A probability distribution π is stationary for a Markov chain with transition kernel P if π = πP, or equivalently ∫π(dx)P(x, A) = π(A) for all measurable A. For irreducible aperiodic chains, the distribution converges to a unique stationary distribution. Stationary distributions characterize long-run behavior.
From your study of Markov chains, you know the chain's state at each step depends only on the current state (the Markov property), and the transition matrix P describes how probability flows between states. If you start in state i, you are in state j after one step with probability P_{ij}. If you start with a distribution π₀ over states (a row vector), then after one step the distribution is π₀P, after two steps it is π₀P², and so on. A stationary distribution π is one that doesn't change: πP = π. If you start in a stationary distribution, you stay there forever.
The stationary distribution is a fixed point of the map π ↦ πP. In matrix terms, π is a left eigenvector of P with eigenvalue 1. Since every row of P sums to 1 (each state transitions somewhere), it is guaranteed that 1 is an eigenvalue — so a stationary distribution always exists (for finite chains). The interesting question is whether it is *unique* and whether the chain *converges* to it from any starting distribution. For a finite, irreducible (every state reachable from every other) and aperiodic (no cyclic trapping) chain, the answer to both is yes. This is the fundamental convergence theorem: P^n_{ij} → π_j as n → ∞, regardless of the starting state i.
A powerful sufficient condition for finding stationary distributions is detailed balance: π_i P_{ij} = π_j P_{ji} for all pairs i, j.
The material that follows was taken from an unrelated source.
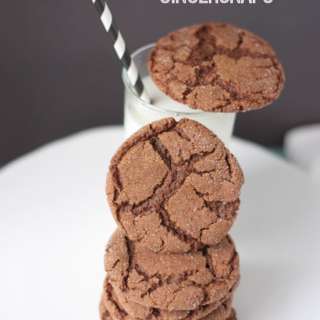 Soft Chocolate Gingersnaps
This says the flow of probability from i to j equals the flow from j to i — a microscopic equilibrium. Any distribution satisfying detailed balance is automatically stationary (summing over j on both sides gives πP = π). Detailed balance is easier to verify than the full stationary equation and is the foundation for Markov Chain Monte Carlo (MCMC) algorithms, where you *design* a transition kernel whose stationary distribution is a target distribution you want to sample from.
For chains with infinitely many states (continuous state spaces), the story is more subtle — existence requires additional conditions, and convergence may be much slower. But the core intuition persists: the stationary distribution is the long-run fraction of time spent in each state, the "equilibrium" that the chain approaches. If you run a Markov chain long enough (past its mixing time), any sample from it looks approximately like a draw from π. This is the insight that makes Markov chains practical: if direct sampling from a distribution is hard, you can often construct a chain with that distribution as its stationary distribution and sample by simulating the chain.